→ Task instructions: Retype, word for word, every line of the records below starting at the one that contains "Set of four" and ending at the one that contains "Bicicleta infantile arancione SPEED"; include both of those lines and nothing more.

→ Given entries:
◆ ◆ ◆ ◆ ◆
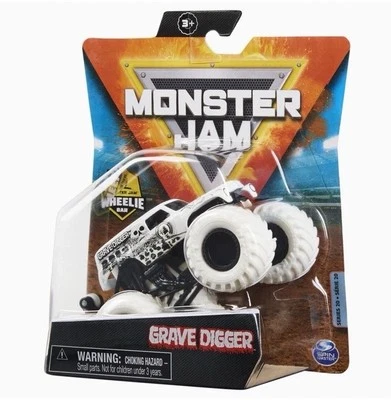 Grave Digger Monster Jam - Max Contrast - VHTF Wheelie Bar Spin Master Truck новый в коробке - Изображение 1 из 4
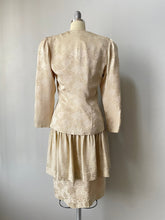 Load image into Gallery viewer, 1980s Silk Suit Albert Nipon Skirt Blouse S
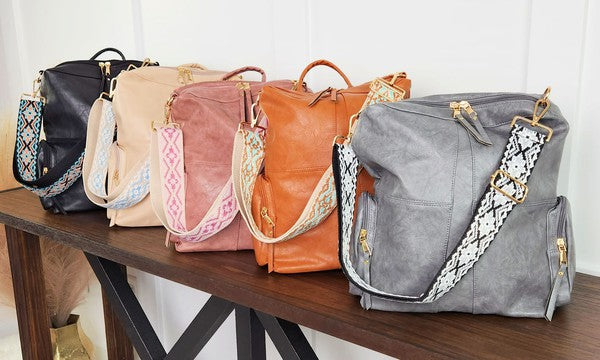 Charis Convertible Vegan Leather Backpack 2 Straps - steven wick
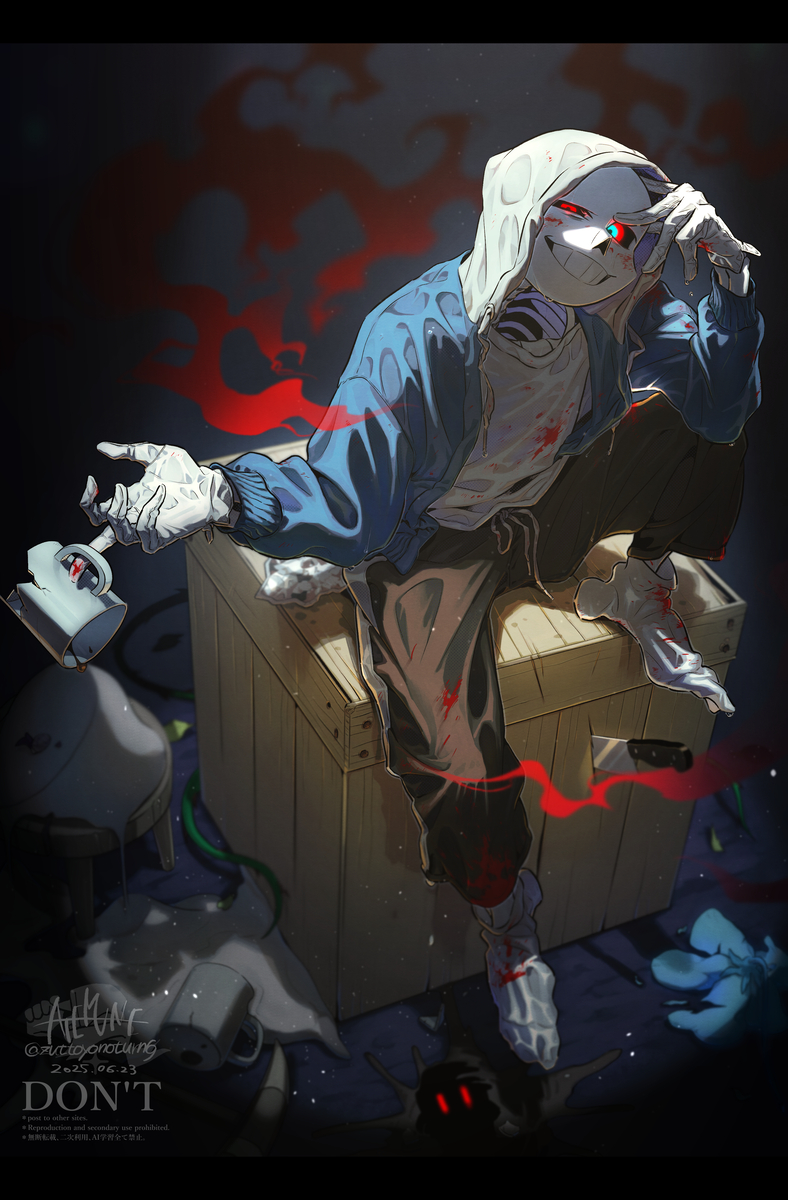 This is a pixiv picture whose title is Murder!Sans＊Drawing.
◆ ◆ ◆ ◆ ◆
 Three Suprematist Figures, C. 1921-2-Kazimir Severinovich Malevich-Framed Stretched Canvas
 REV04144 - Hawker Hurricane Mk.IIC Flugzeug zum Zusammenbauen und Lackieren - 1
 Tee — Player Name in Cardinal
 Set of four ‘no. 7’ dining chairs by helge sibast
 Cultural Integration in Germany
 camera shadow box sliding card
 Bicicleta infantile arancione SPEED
◆ ◆ ◆ ◆ ◆
→ Output for this task:
 Set of four ‘no. 7’ dining chairs by helge sibast
 Cultural Integration in Germany
 camera shadow box sliding card
 Bicicleta infantile arancione SPEED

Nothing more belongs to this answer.